I struggled to answer, like to many questions that border on the abstract. It is like someone asking me why I like to write.
Today, while reading the Reuters Photographers Blog, I think I have the answer to some part of the question. There are various reasons to ‘why photography’.
But the one right now – because a picture does speak a thousand words. And when combined with another 100 written words, it becomes priceless. A photograph is a memory. Sometimes, faulty. But a memory, nevertheless.
Every person has a story to tell. Sometimes, the entire story can be conveyed in the angle of the photograph. Sometimes, it is a sheer lie.
There are photographs that are etched in our memories.
Sharbat Gula – Steve McCurry (if you can’t recollect the name, remember the girl with the captivating green eyes on NGC?)
The photo of a vulture watching a starving child – Kevin Carter. (He won an award and later killed himself. His suicide note is a topic for another day)

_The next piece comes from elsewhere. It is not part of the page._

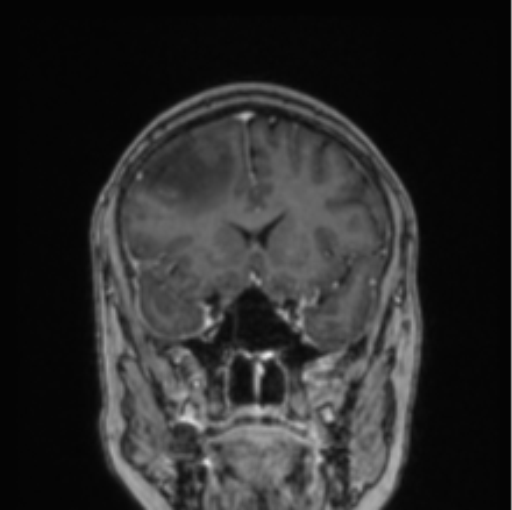 Cerebral abscess from pulmonary arteriovenous malformation (Radiopaedia 86275-102291 L 60).png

Those two photographs are perhaps the most vivid in my memory. But there were others along the way… William Beall’s photo “Faith and Confidence” that won the Pultizer in 1958. A simple photo of an American soldier bending to talk to a little boy. It is adorably cute, and considering the time, beautifully naïve.
Another one of my favorites was taken by a friend of mine. Not even a noted photographer – it was a photo of a bunch of monks, jumping a gate. The frivolity of the moment completely belied what one believes monks stood for. You expect them to be quiet, peaceful, serious. And we forget these monks are young boys too.
A photograph by itself perhaps is not as impressive. But when put in context with history, or a situation, it takes a whole new image.
People have often asked me about the images decorating my walls. It isn’t narcissism that makes me post only the photos I have taken. Each image has a memory, a relevance. Perhaps I needed to be reminded ‘why photography.’
I took up journalism years ago because I wanted to tell those million stories floating around in the world. I haven’t really done that much, though. And perhaps it was the frustration of being unable to do so that promoted the shift to photography. The ability to capture a million words, the absent look and the one moment which is almost invisible to the naked eye. The ability to tell a story.